The Pass/Fail Nature of Suburban Development


Happy New Year, and welcome back for another year of Strong Towns. This is my eleventh New Year writing in this space and I’m always excited to get back to things after a break. This is going to be a huge year for our movement. Thank you for joining us right at the start.

The American development pattern—typified by the suburbs, but quite prevalent in the configuration of our urban space as well—forces an all-or-nothing kind of approach to problems of infrastructure and services. It’s either all in or nothing; there are not a lot of half measures. Binary outcomes like this are a hallmark of fragile systems.

For example, after having a brown Christmas here in Central Minnesota, we were inundated with snow in two successive storms. The first one was around fourteen inches and the second perhaps six. After a disappointing first half of the month (we all like snow in my house) we were happy for the shift to true winter weather.

At the moment, I’m running a used car lot at my house—I purchased two cars in December and am selling our two old, old cars now—and so I was checking the city’s snow emergency routes to verify where I could park my fleet and when. In my neighborhood, the north/south gridded streets get plowed (and are thus off-limits for parking) on Day 1 after a big snowfall, and the east/west streets get plowed on Day 2. Pretty logical and easy to work around, unless you have a low-to-the-ground sedan.

Or unless you’re from Texas. I was part of a neighborhood team that pushed a car with Texas plates through one of the east/west streets when a visitor took a wrong turn. Like good Minnesotans, we all ran out there as soon as it was clear he was stuck, pushed him out with a smile and a wave, then all had a good chuckle among ourselves. Minnesota Nice does come with a side of passive condescension, at times, although you do generally get the nice first.

When it Snows in the Cul-de-Sac, You’re at the Mercy of the Plow

My city has a little bit of suburban-style development on the edge of town, although most of it is in the neighboring city.
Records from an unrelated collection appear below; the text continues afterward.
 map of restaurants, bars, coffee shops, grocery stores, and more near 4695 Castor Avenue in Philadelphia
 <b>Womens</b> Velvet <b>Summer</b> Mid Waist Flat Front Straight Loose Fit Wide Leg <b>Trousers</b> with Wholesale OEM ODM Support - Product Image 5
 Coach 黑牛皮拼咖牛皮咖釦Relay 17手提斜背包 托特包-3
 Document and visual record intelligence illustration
Even so, I noted that every road on the outskirts was Day 1. Little cul-de-sacs with four homes. Overbuilt roads without much development. Long, winding stretches with nothing on them. Every street outside the core neighborhoods was to be cleared of snow on the first day of the snow emergency, while the neighborhoods where almost all the population lives will have to wait until Day 2. Why?

There are two reasons and they both get to this binary outcome conundrum. First, because suburban roads are built to funnel all traffic onto the same few routes, not clearing the neck of the funnel has the same effect as a dam on a river. It messes up everything upstream, so even though there may be few homes on the collector road, there are many on those local feeder streets that depend on the collector.
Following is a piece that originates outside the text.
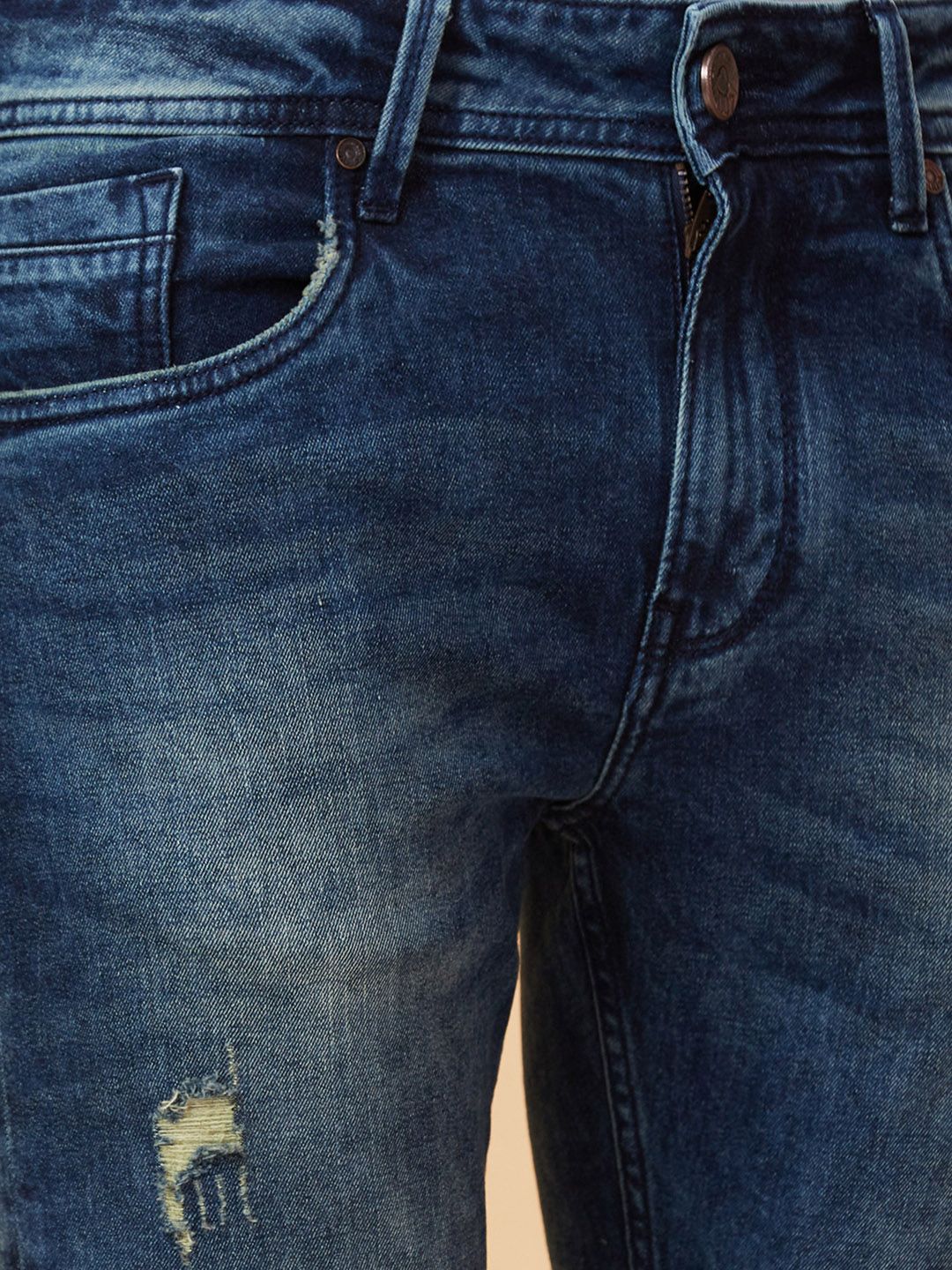Being Human Men Slim Fit Low Distress Light Fade Jeans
Here’s the second reason: now that you’ve driven out there with the snowplow to take care of the collector, it’s easier to just take care of all those cul-de-sacs and local streets when you’re there than to come back later. Even though it’s time-consuming and tedious, better to just get it done on one trip than to make two.

I used to live on a cul-de-sac about a quarter mile from the nearest collector road in a different city where there was no grid. If we didn’t get plowed out on the first day, it was a big problem. I could take care of my own driveway just fine, but there was no way my little snowblower was going to clear a path all the way to the main road. Without the plow, we were completely stuck.

When it Snows in a Traditional Neighborhood, Redundancy is Your Friend

Now, living in town, when the Day 1 roads are cleared, I’m a couple hundred feet—at most—from a street I can drive on. And, better yet, I’m surrounded by neighbors who are out clearing the sidewalks and alleys and are seemingly always ready to put their back into it for anyone who needs it. They can plow our streets last and we’ll all be okay.

And, of course, even better than that is the fact that I can walk to whatever I need so, if the plow doesn’t come at all, I’m going to be just fine. The only problem I’ll have is getting my kids to their activities in the neighboring suburban city. We went downtown for dinner in the middle of the Thursday blizzard, and the restaurant was really busy.

My neighborhood has redundancy. Options. That’s important to me. The old neighborhood I used to live in was all-or-nothing; I was miles from food, miles from a hospital, and had no option other than to wait for the city to clear my road of snow. Very fragile.

We’re so used to building systems that are fragile and then using our wealth to overcome it that we don’t even think much about it. We build sewer systems with pumps all over the place—just another maintenance item—to overcome topography. If we were poorer and more concerned with redundancy, we would develop more in line with the topography nature gave us. The same with our stormwater management systems; we’re rich—or so we tell ourselves—so every obstacle is something to be merely engineered away.

When we wake up and realize that we’re not as rich as we think, binary outcomes become our Achilles heel. A Strong Town favors redundancy over efficiency when it buys optionality.